So I went to the bathroom and was walking back, totally minding my own business, when I hear this voice say “Hey…you…girl! Pretty girl! With the glasses!”

Up until the “glasses” part I thought he had been talking to someone else. I was way past his room by that point. I did a 360 when I heard that part and kinda stuck my head in his doorway with a quizzical look. He was tattooing some guy who was grinning like a cheshire cat.

So the tattoo artist started asking me some questions, most of which I don’t remember now because I was so taken aback that he thought I was pretty. I had no makeup on (not that I’m not pretty without makeup, but…), I also had frizzy unwashed hair, my horrible black thick-rimmed glasses on, and some stupid green cargo pants with a shitty long-sleeved shirt on. I had had a rough day and I showed it. He kept talking, asking who I was there with and other things.

Amy eventually noticed that I hadn’t come back from the bathroom and saw me standing in his doorway, so she came back to see what was going on. Now, like I said, Amy is a pretty hot stripper. So there she was standing next to me with her voluptuous bod, making me feel completely diminished like the stick-rail I am. Amy said hi to the tattoo guy.

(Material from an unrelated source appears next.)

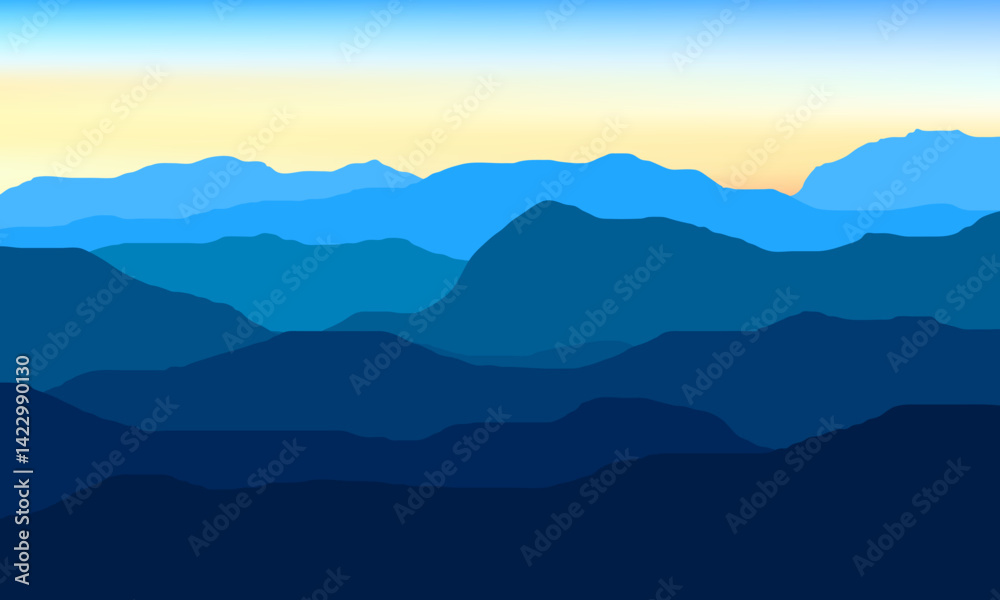 Obraz premium cartoon illustration of a mountain view at dawn with still little sunlight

He sort of glanced at her, said “hi” and looked back at me, opening his mouth to say something.

Before he could get it out, Amy (drunk) said, “Hey, don’t you remember me?”

“No,” said Tattoo Guy, and then looked back at me and started to say something again. He got about a word out when Amy interrupted again.

“You know, I’m the girl that comes in all the time and raids the jewelry case…the stripper that’s always here.”

Another quick glance in her direction.

“No.” Eyes back on me. “I was just talking to your friend here…she’s kinda cute.”

Amy, like the dear she is, says, in a horribly offended tone, “KINDA?”

Tattoo Guy cracked a small smile and stared right at me. “yeah, you’re right…she’s fucking beautiful.”

Okay. can Chana turn 40 different shades of red? I think she can! I have NEVER been hit on in a nice way before. Hell, I haven’t been hit on at ALL in so long I didn’t even remember what it felt like. Our group got ready to leave right after that, so I never really said anything back. But it made me think.

My God…my heart was all aflutter after that. Not just because of the sweet and obviously honest way he was interested in me. I mean, he OBVIOUSLY saw something in me, and most people don’t do that right off the bat with me. Not to mention…he was really really good-looking.

I was hooked.

The next day, while Clint was at work, I meticulously remade myself. I washed my hair, shaved my legs, put on matching underwear (not that I planned on letting him see it, but it just makes me feel better, you know?), pulled my hair back and put on makeup. I wanted to look so completely different that he wouldn’t realize it was the same person.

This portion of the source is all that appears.